Stephanie worked in Mental Health and Addictions Services as a Medical Office Assistant (MOA) where she answered phones, de-escalated situations by phone or in-person, booked injection appointments, wrote letters, uploaded documents to provincial software, and communicated with clients. She’s worked in the drive through, test centres, and mobile in the inner city over the past year. Now she works in the MRI department at RUH. She’s proud to be a Jack of all trades!

She loves her job and enjoys her interactions with patients. She has been a Saskatchewan Health Authority (SHA) employee for over two years. She always felt a pull towards this line of work and when she, like many others, lost her job due to COVID, she decided to upgrade her education and apply for the COVID response team. She now has her Medical Terminology, Managing Pressure Certificate in Adult Education, and Legal Assistant Certificate. She says that COVID provided her an opportunity to find her future and rewarding career. It wasn’t an easy path, but one she’s grateful for.

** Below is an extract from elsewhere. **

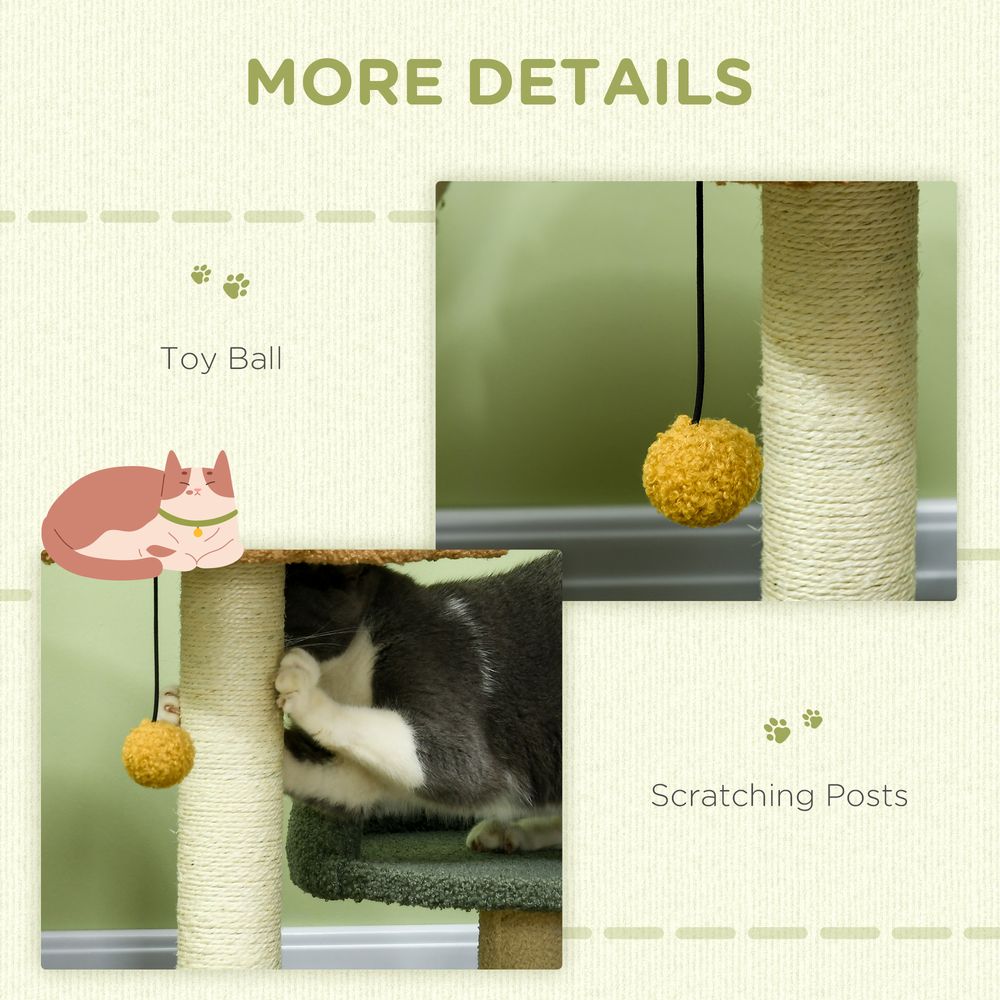 52cm Cat tree for indoor cats, scratching posts with two beds, toy ball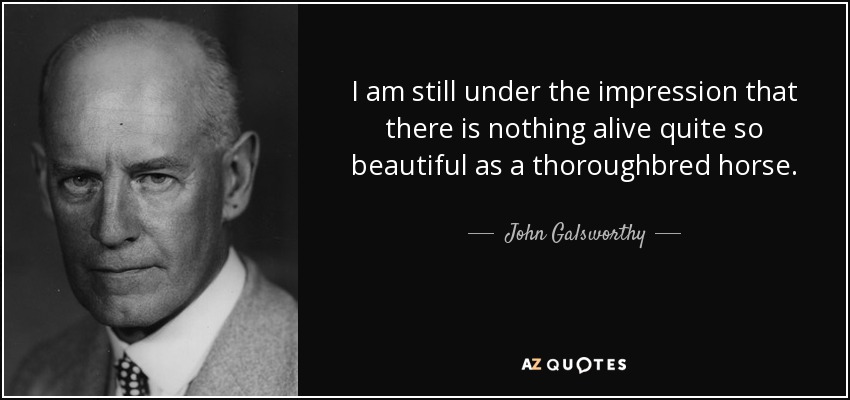 I am still under the impression that there is nothing alive quite so beautiful as a thoroughbred horse. - John Galsworthy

Working through the pandemic has been exhausting, rewarding, and almost like watching something you would see on TV.

At times, you could forget what unions you are in, what title you had, and work as a glorious unified team. Status did not matter, they each had an important roll to play. Director, Manager, nurse, admin... everyone was on the floor pitching in.

In her job, she educates and eases the minds of those who have questions. She explains why everyone still has to wear a mask in SHA facilities, whether people are happy about it or not. Those who are stressed about the relaxed guidelines, she reassures them by saying, “We can't control what others do but we can control what we do, just like before.”

At the beginning of the pandemic, she would sometimes be angry at people for not being safe and then she came to realize that covid doesn't judge. Why should she?

One day a woman came into the drive thru, Stephanie went up to the car and before she could say anything, the woman started sobbing. She could hardly talk, saying that she had always been safe. Stephanie told her that the best first step was coming there, to the testing site. Stephanie reminds us that it’s not our place to judge who is safe because we don't know everyone's story.

She can't speak for everyone, but there are times when the emotional fatigue outweighs the physical as a front line health care worker working through the pandemic. There is a dread in the back of her mind that there may be another outbreak.

Stephanie wants to remind our government as rewarding as a job in health care, is there are many dangers associated with working in the sector, and that it's difficult to attract people into the field with the pay scale being so low.